# Drop net needed..



## aleandras (Oct 16, 2012)

Me and my friend are coming to Pensacola Fishing again. Can anyone tell me where we can get a Drop net to raise our fish up in. I hung a huge fish last time we was here but couldnt get it up. All help would be appreciated.
:thumbup:
Anissa and Taracha


----------



## Hot Dog (Dec 14, 2007)

Almost all of the tackle shops have them. I don't know the prices but they should not be too much.

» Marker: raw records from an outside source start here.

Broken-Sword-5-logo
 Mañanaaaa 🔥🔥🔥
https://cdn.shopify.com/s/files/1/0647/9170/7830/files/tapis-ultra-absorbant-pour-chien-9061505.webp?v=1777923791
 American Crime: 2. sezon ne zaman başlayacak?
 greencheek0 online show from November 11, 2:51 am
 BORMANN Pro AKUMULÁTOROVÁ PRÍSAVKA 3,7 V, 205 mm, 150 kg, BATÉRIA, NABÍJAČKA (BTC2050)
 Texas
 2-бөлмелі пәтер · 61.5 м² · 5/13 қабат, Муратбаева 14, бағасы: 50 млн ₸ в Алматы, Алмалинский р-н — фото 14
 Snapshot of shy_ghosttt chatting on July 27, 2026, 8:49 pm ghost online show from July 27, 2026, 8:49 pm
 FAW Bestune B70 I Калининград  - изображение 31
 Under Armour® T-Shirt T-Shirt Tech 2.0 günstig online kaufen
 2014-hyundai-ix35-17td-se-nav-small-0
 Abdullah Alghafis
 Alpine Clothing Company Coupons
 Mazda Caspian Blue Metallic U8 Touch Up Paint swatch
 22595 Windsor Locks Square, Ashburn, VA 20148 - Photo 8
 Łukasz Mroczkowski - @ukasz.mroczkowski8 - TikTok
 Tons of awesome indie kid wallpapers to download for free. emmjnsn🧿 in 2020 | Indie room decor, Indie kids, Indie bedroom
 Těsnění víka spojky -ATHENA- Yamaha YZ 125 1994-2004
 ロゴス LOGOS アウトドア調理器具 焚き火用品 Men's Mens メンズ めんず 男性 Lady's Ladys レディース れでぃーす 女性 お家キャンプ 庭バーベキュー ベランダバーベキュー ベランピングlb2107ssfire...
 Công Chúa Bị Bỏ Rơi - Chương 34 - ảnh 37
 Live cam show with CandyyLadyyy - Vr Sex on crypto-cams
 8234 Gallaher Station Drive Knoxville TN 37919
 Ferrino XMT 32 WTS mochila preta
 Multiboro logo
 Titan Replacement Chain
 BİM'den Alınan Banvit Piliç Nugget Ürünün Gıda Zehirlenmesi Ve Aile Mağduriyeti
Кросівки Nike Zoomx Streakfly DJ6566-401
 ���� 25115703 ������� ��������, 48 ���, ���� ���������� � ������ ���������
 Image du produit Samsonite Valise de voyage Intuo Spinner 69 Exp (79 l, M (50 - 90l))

I don't know what area you are staying in or fishing in to recomend one.


----------



## bfish (May 19, 2008)

*drop net*

i have a drop net i dont use if you want to buy it
bob
251-583-9076
in pensacola


----------



## Donnie24 (Jan 12, 2013)

Gulf Breeze bait an tackle usually has them!


----------



## FlatsBoy10 (Dec 31, 2012)

Wall mart also


----------



## jkw1119 (Apr 15, 2013)

you can get a good one at any tackle store for about 30-35 bucks


----------



## robbiewoodcutter (Jun 30, 2011)

http://www.academy.com/webapp/wcs/stores/servlet/Product_10151_10051_14206_
-1__?N=845454858


----------



## robbiewoodcutter (Jun 30, 2011)

click that link in the last post from me and check out the $14 net it worked for me till i got a better one


----------



## robbiewoodcutter (Jun 30, 2011)

the top ring is 32 inches wide and you can catch crabs in it til you need it for a fish


----------



## southern yakker (Jun 25, 2012)

I don't really like gulf breeze bait and tackle but they have a very nice net for thirty dollars. I picked one up from there and it is a very nice net. Comes with plenty of rope too.


----------